Check out this beautiful cover.
Look at that face, that smile. The feeling of sheer exhilaration and joyful abandon.
Yes, it’s been confirmed. Peter Parker’s back (but come now, was there really ever any doubt?).
Just over a year after having his body taken over by Doc Ock, everyone’s favorite nerd from Queens will be making his triumphant return in The Amazing Spider-Man #1 to be released in April.
Writer Dan Slott must be relieved that he can finally put down his burden. See, it’s been reported that over the past year, the Spider-Man scribe has received sincere hate mail and even death threats, though it strikes me as odd that any adult who’s grown up reading Marvel comics, and witnessing the numerous deaths and resurrections that are a staple of Marvel storylines, could genuinely have thought that Peter’s death was final.
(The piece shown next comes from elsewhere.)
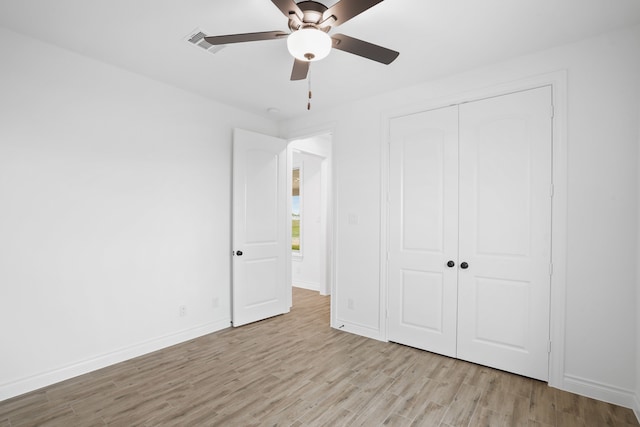 unfurnished bedroom featuring light wood-type flooring, a closet, and ceiling fan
I’m not saying that a real and final death someday isn’t beyond the realm of possibility, but it would be a nobler death, one that Marvel’s flagship hero deserves, not the cruel, emasculating death that he endured last year in which one of his worst enemies takes over not just his body but his ex-wife as well (yuk).
I do understand, however, the kids who were broken-hearted and who would approach Slott at conventions asking if Peter was really dead.
“To do that for a solid year of my life, that’s the hardest thing I’ve had to do — to look small children in the eye at a convention and lie to them. One of them with an honest-to-God Little League uniform and a quivering lip. Inside, part of me was dying,” Slott said in an official statement.
While I’m not surprised at Peter’s return, I am nevertheless pleased. It’s because, obsessed with symbols as I am, I enjoy the symbolism of it. It’s like seeing an old friend again. It’s like the return of the glorious sun after a dark, bitterly cold night. I know it’s gonna happen, but it doesn’t make me any less glad when it does.
Truth be told, I probably won’t even read the issue when it comes out. I’m just too busy these days.
But I hope those kids will, those kids who, wide-eyed with surprise, delight and wonder, will gingerly lift their copy of Amazing Spider-Man #1 off the shelves as if it were a holy relic. I hope that they’ll get from it what comics gave me and that gradually, on an unconscious level, they’ll come to interpret Spider-Man’s resurrection the way I interpret all superhero resurrections throughout comic history: as symbolizing the eternal return of the human spirit, of the eventual triumph of goodness and love in the face of persistent evil.
Welcome back, Spidey. We missed you.